Gelet op de hoogte van de vordering, die onder de competentiegrens van de kantonrechter ligt, is het hof van oordeel dat aansluiting moet worden gezocht bij het liquidatietarief kantonzaken. Bij een vordering met een hoofdsom tot en met een bedrag van € 2.500,00 wordt (per 1 februari 2021) € 187,00 per punt als salaris toegekend. De benadeelde partij komt in dit verband twee punten toe: één punt voor het door zijn advocaat indienen van de vordering en één punt voor de aanwezigheid van zijn advocaat ter terechtzitting in eerste aanleg, hetgeen neerkomt op een bedrag van (2 punten x € 187,00 =) € 374,00.
Voor de rechtsgang in hoger beroep is het liquidatietarief rechtbanken en gerechtshoven van toepassing.
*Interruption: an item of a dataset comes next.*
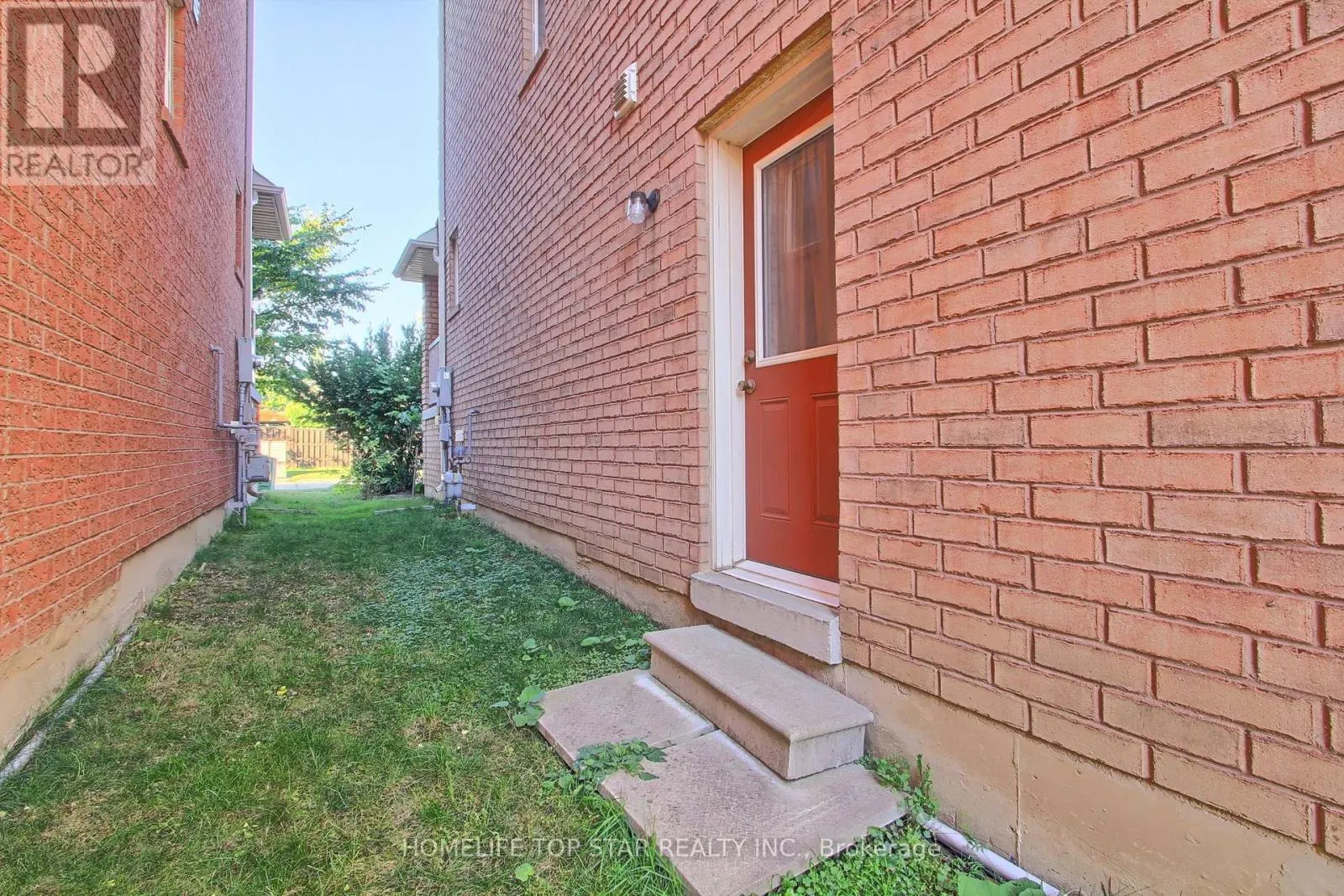 231 KNAPTON DRIVE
Daarbij geldt tarief I van (per 1 februari 2023) € 508,00 per punt in zaken met een geldswaarde van de hoofdsom tot € 10.000,00. De benadeelde partij komt in dat kader één punt toe, te weten voor de aanwezigheid van zijn advocaat ter terechtzitting in hoger beroep, hetgeen neerkomt op een bedrag van (1 punt x € 508,00 =) € 508,00.
Het hof zal de verdachte, die als de in het ongelijk gestelde partij kan worden aangemerkt, derhalve veroordelen in de proceskosten aan de zijde van de benadeelde partij, tot op heden begroot op een totaalbedrag van (€ 374,00 + € 508,00 =) € 882,00. Voorts zal de verdachte worden veroordeeld in de ten behoeve van de tenuitvoerlegging van dit arrest door de benadeelde partij nog te maken kosten, tot op heden begroot op nihil.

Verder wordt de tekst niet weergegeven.